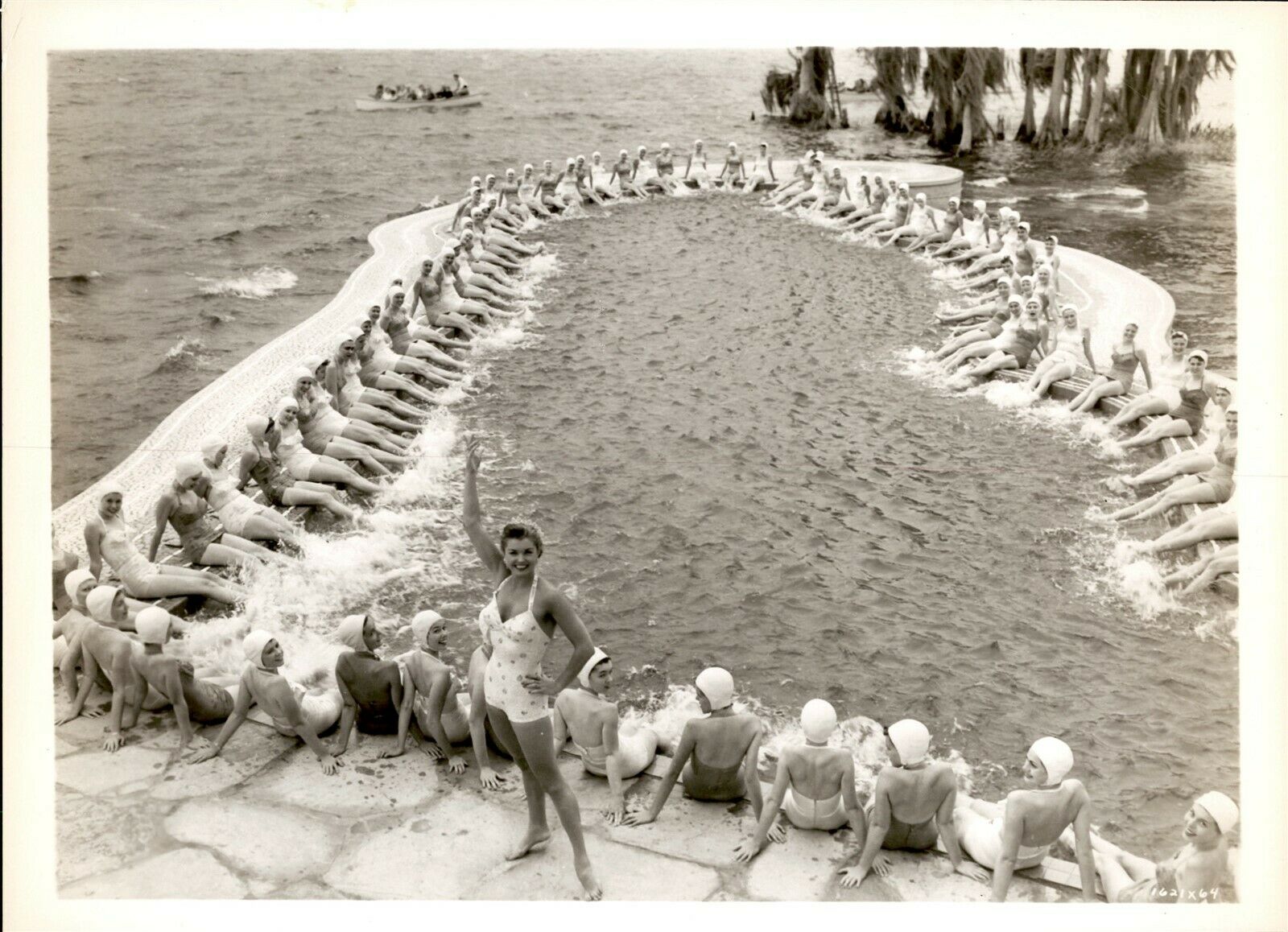 Esther Williams in Easy to Love (1953)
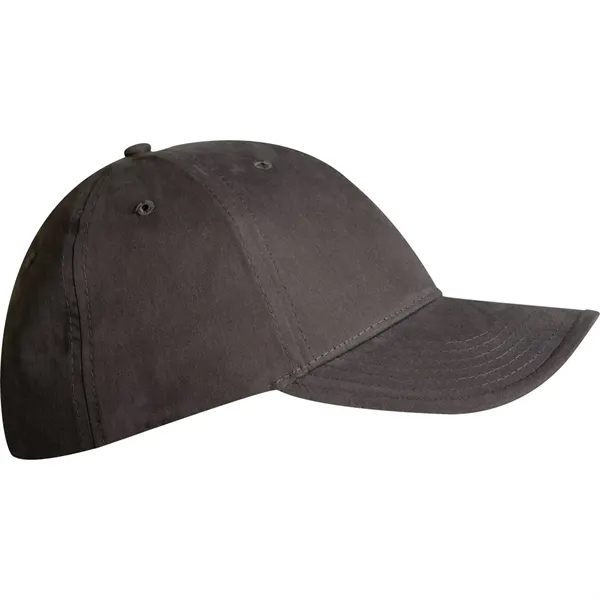 6-panel water repellent baseball cap, low profile.... from ASI 80129 Quake City Caps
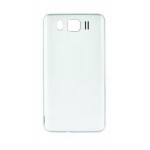 Back Panel Cover For Microkey E12 White - Maxbhi.com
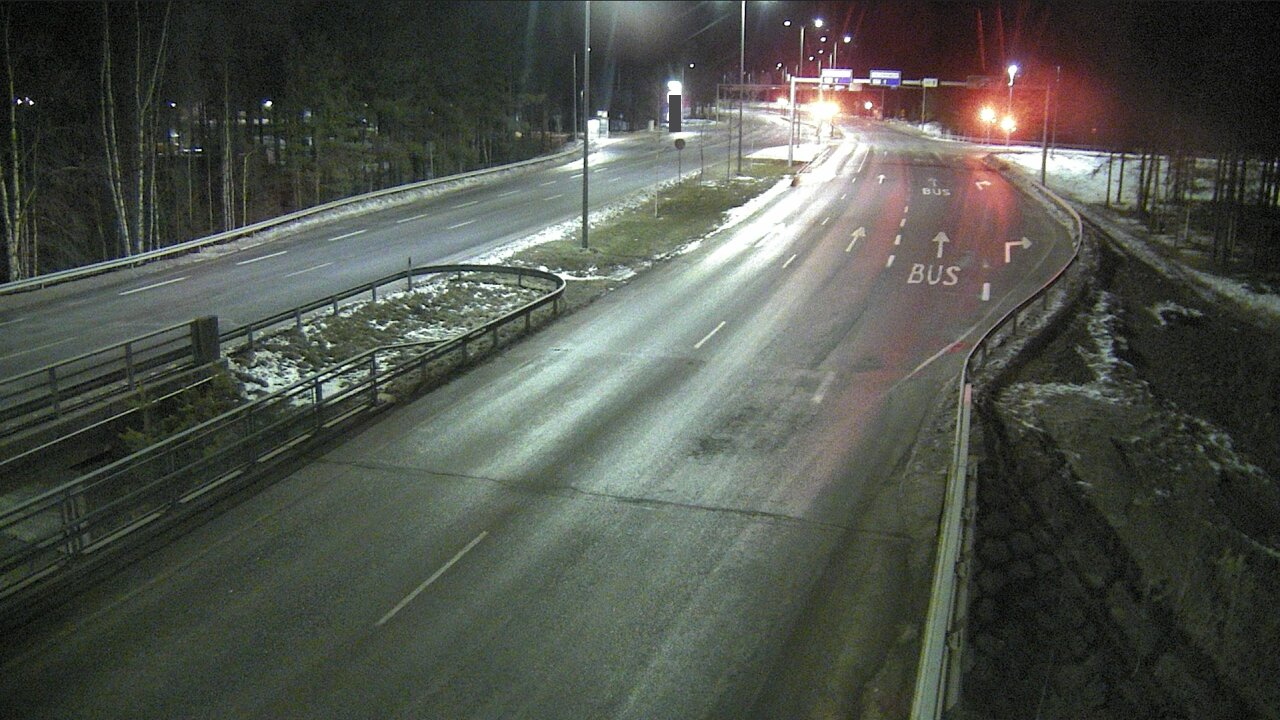 Kelikamerat Kuva Tie 4 Oulu, Isko, Oulu, Pohjois-Pohjanmaa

_Task description:_
Your answer must be an exact copy of the lines above, from the line that contains "Back Panel Cover" through the final line, with no pictures in it.

_Problem solution:_
 Back Panel Cover For Microkey E12 White - Maxbhi.com
 Kelikamerat Kuva Tie 4 Oulu, Isko, Oulu, Pohjois-Pohjanmaa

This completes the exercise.